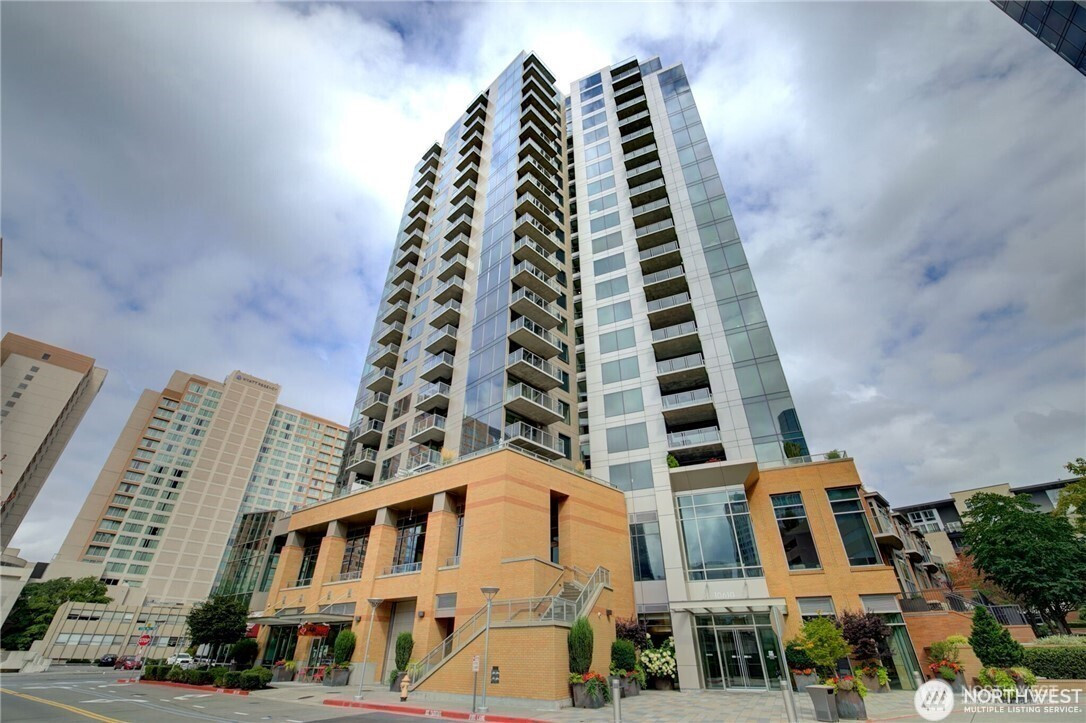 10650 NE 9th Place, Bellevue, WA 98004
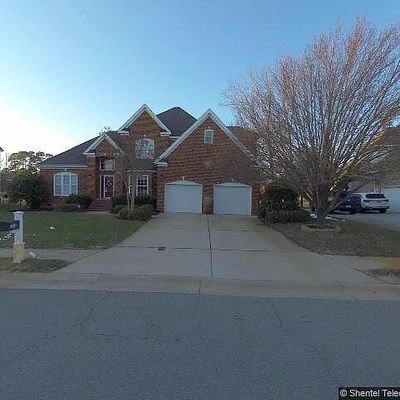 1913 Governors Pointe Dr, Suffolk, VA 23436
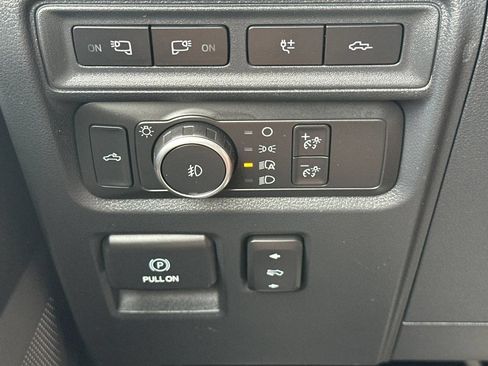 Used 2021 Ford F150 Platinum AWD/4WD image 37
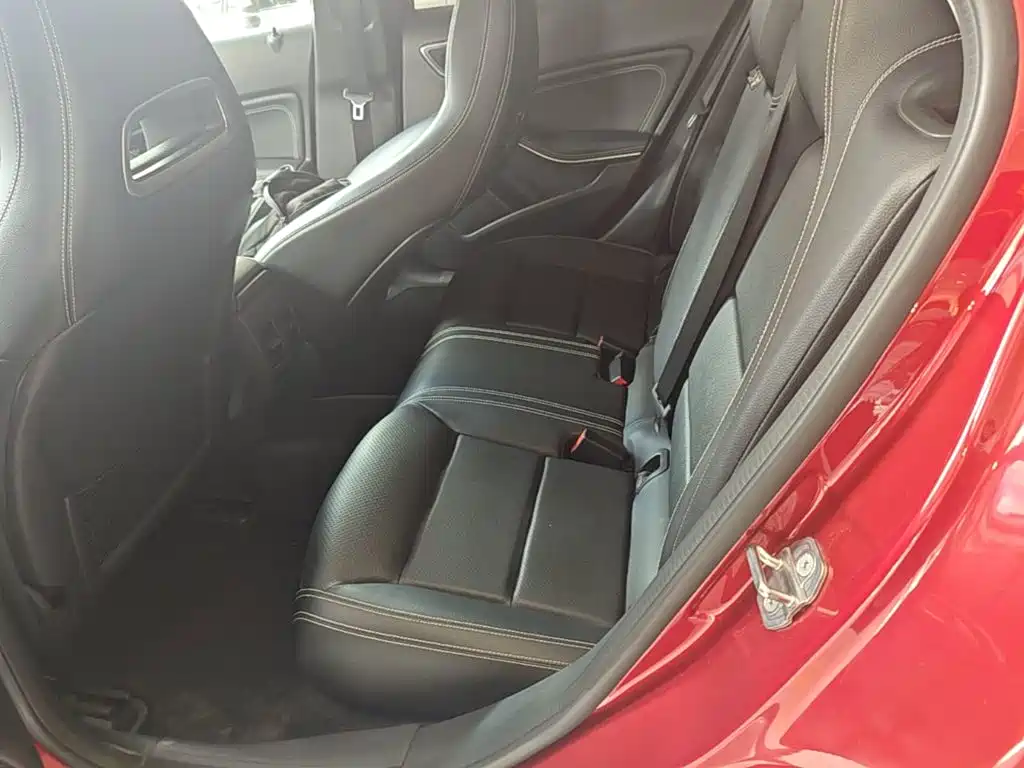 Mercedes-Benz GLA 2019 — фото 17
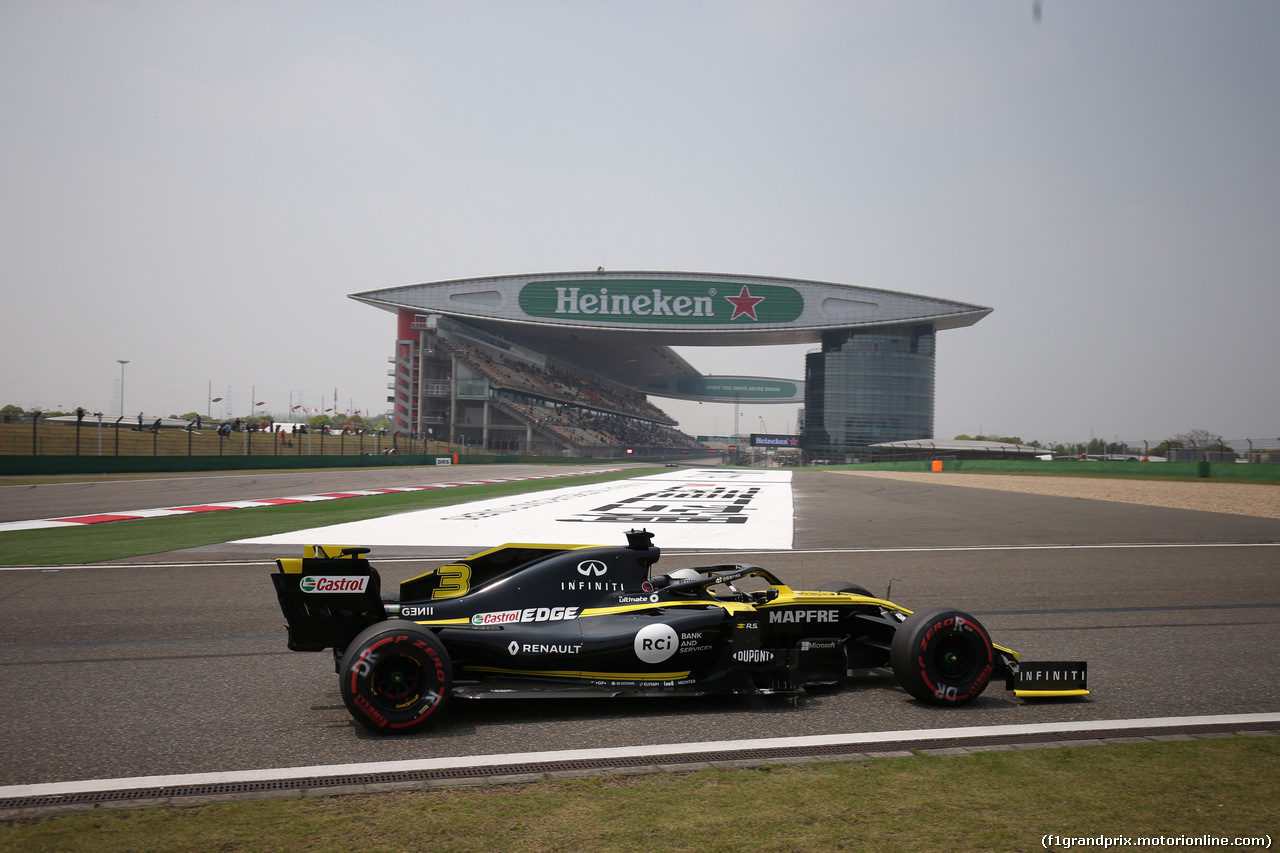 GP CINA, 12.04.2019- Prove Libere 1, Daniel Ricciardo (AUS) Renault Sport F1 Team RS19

> [Your instructions]: The entries above are to be printed again word for word, with every picture removed.

> [Solution for this exercise]:
 10650 NE 9th Place, Bellevue, WA 98004
 1913 Governors Pointe Dr, Suffolk, VA 23436
 Used 2021 Ford F150 Platinum AWD/4WD image 37
 Mercedes-Benz GLA 2019 — фото 17
 GP CINA, 12.04.2019- Prove Libere 1, Daniel Ricciardo (AUS) Renault Sport F1 Team RS19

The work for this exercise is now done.